Es tal la importancia de la novela del poeta y narrador huilense, que el prestigioso crítico norteamericano y profesor en las universidades de Kansas y California, Seymour Menton, en su sesudo estudio La novela colombiana, planetas y satélites (Fonde De Cultura Económica, 2007), plantea que la novelística colombiana se sostiene en cuatro pilares, uno de ellos, La vorágine (los otros tres son: María, Frutos de mi tierra y Cien años de soledad).
En el mencionado estudio, Menton aclara que la novela de Rivera va mucho más allá del género en el que se le suele encasillar, el de la novela telúrica, y reconoce el valor universal que tiene, merced al diálogo que establece con obras clásicas, tal como lo mostré en los párrafos precedentes.

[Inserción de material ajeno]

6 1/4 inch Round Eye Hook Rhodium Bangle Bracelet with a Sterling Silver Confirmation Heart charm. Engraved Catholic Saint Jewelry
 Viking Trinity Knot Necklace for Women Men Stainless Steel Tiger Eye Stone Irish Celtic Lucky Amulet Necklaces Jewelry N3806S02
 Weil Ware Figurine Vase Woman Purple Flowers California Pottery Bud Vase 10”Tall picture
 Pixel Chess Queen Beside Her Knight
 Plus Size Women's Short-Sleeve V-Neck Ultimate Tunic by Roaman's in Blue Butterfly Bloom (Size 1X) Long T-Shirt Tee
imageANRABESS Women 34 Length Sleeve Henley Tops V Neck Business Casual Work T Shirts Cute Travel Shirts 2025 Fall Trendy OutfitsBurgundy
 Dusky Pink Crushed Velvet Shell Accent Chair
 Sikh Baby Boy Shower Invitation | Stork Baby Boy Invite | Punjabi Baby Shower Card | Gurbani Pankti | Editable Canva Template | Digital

A ello se le agrega que la novela (a la que es más que justo conmemorar y justipreciar en su centenario, no sólo en Colombia sino en el mundo hispanohablante) ubica a su autor en el movimiento más importante de las letras hispánicas, unas veces en la segunda generación del Modernismo y otras en una tercera, también llamada posmodernismo, ello debido a la inmensurable calidad poética de Rivera, nada lejos de sus antecesores Rubén Darío y Del Casal y muy alineado con el mexicano Juan José Othón y el uruguayo Horacio Quiroga.

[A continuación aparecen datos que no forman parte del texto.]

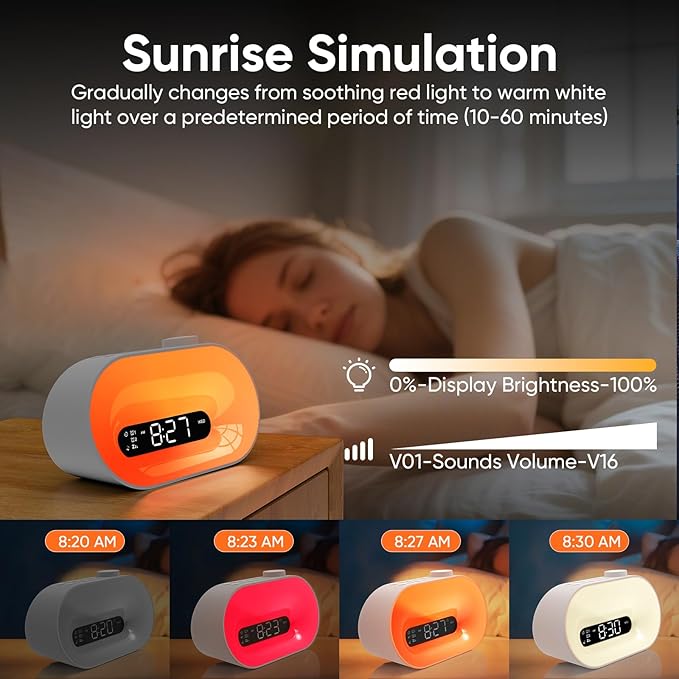 White Noise Sound Machine & Sunrise Alarm Clock, 30 Sleep Sounds, 14 Night Lights, 0-100% Dimmer, Dual Alarm, Sleep Timer, Dimmable Bedside Lamp Wake Up Light for Heavy Sleepers Adults, Kids, Bedrooms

¿Cómo no volver sobre este libro maravilloso (ojalá con una lujosa edición crítica como la que se hizo a propósito de los cuarenta años de Cien años de soledad), que durante muchas décadas fue lectura insoslayable en el ámbito académico?, ¿cómo no poner en el plano que se merece a esa Odisea nacional, paradigma de una épica nacional?, ¿Cómo no traer de vuelta a este libro de aluvión que en este mes cumple un siglo exacto de haberse convertido en la singladura homérica, en la Odisea de la literatura colombiana?